By Sydney Loney
Bananas, oatmeal, cheese and chicken nuggets — when it comes to cuisine, Tai likes beige best. “If he sees a fruit or veggie, he freaks out,” says Tai’s mom, Nicky Poole. “He’ll pick out the tiniest speck of colour in his food.” But the Toronto mom is tired of tension at the table. The battles began when Tai started solids and escalated whenever a new food appeared on his plate. By the time he was 18 months, mealtimes usually ended with someone in tears. “It was traumatic for all of us,” Poole admits.

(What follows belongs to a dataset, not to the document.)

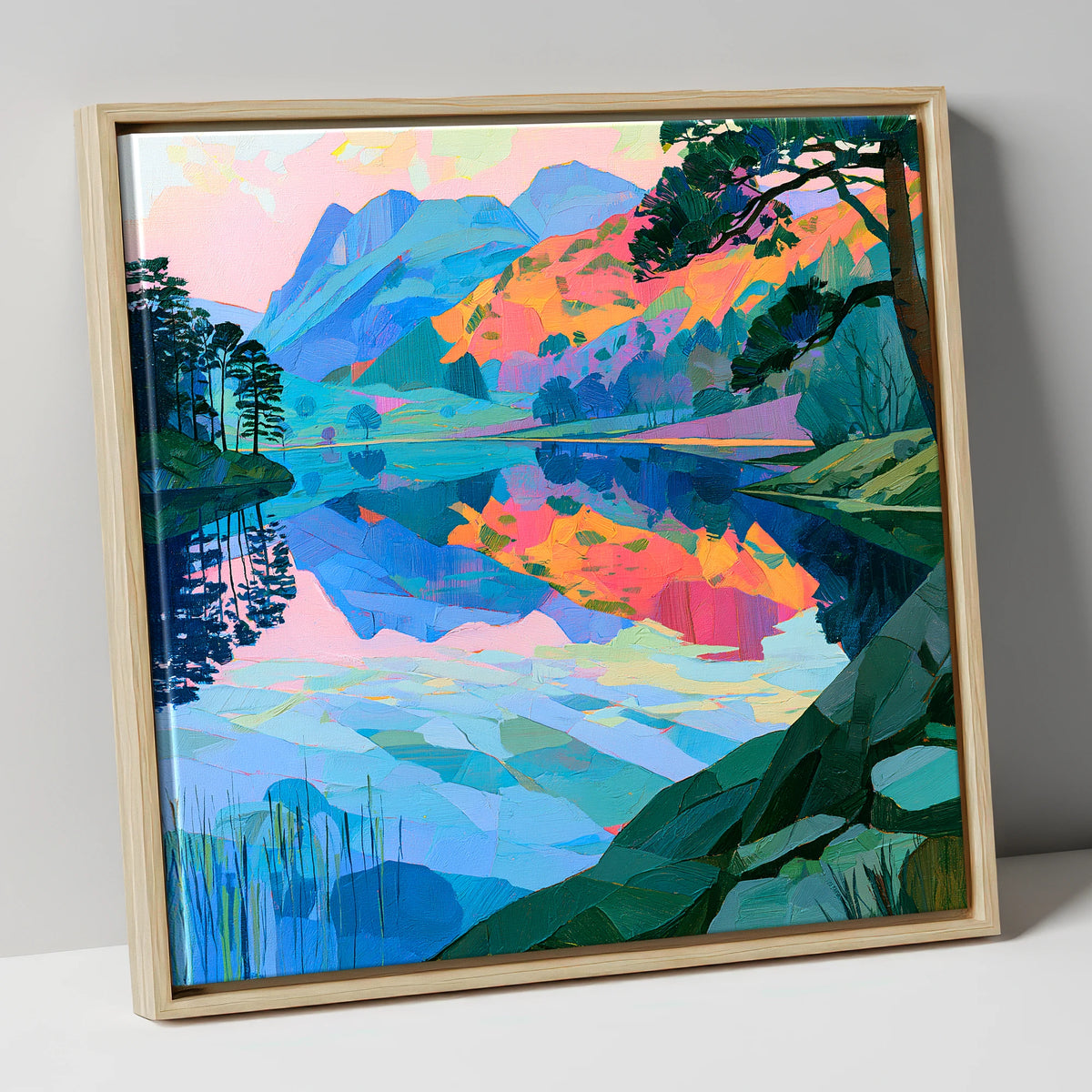 Vibrant Dawn Over Still Lake lake district lake canvas wall art in natural frame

Toddlers often turn up their noses at unfamiliar foods, but it’s important not to give up, says Lianne Phillipson-Webb, registered nutritionist and founder of Sprout Right Nutrition in Toronto. “You need to have patience,” she says. “If you introduce a new food and it’s rejected, don’t write it off forever — it can
take 12 to 16 tries before a toddler really takes to it.”
The key is to start small and keep expectations low. “If you anticipate it isn’t going to go well, just give them a small amount to taste,” says Phillipson-Webb. “Toddlers are into theatrics, so if they take a nibble, celebrate with fanfare: clap, dance, raise your arms in the air.” The main thing is to avoid becoming a short-
order cook — you don’t want to be running to the kitchen for grilled cheese every time new foods are hurled from the high chair. “It’s important to create gentle boundaries,” says Phillipson- Webb. “Tell your child to take one bite of each thing and, if that’s all he wants, then that’s all there is until tomorrow. Toddlers won’t starve themselves, but if you give in and get them other food, they’ll quickly learn to hold out and wait.”

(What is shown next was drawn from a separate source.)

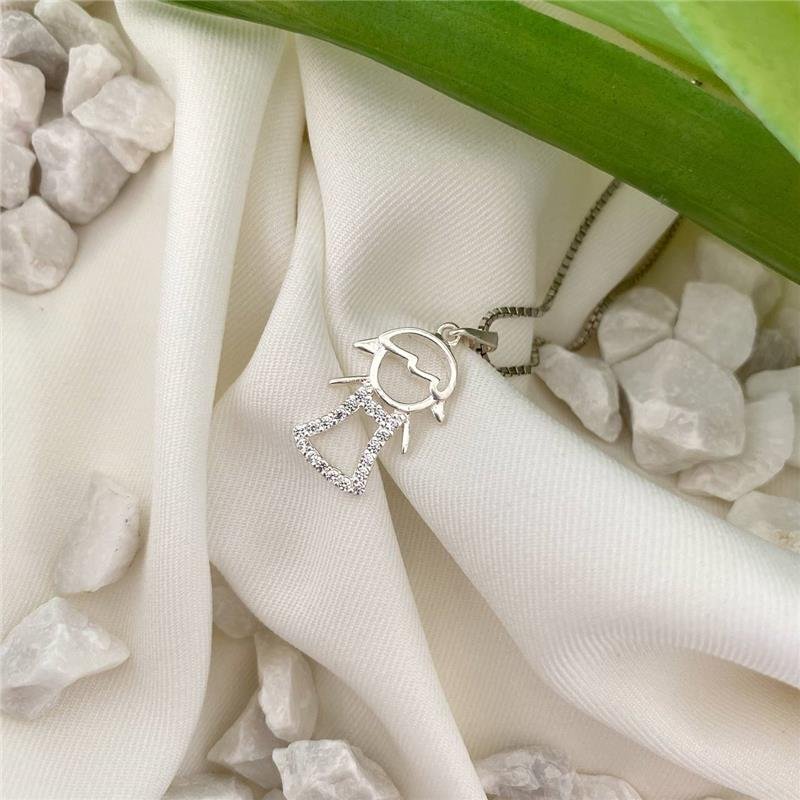 PINGENTE PRATA 925 FILHA MENINA COM PEDRA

The dinner table should never become a battleground, she adds, and it helps if you make new foods fun. She recommends making up food songs, or arranging food in fun patterns on the plate. “Making up fun names for new foods helps too. A spoonful of squash with a pat of butter in the middle is much more appealing when it’s an “orange volcano.”
Brandon Boone found starting with a staple and adding on worked wonders with his daughter Ella, now two. “She’s a total foodiesays the Winnipeg dad. “Just after she turned one, she ate what we ate.” Ella’s favourites include quesadillas, lasagna and pasta bolognese. “If she turned something down, we never freaked out,” he says. “We’d just try a variation next time and say, “okay, you don’t like kidney beans, so we’ll try black beans.”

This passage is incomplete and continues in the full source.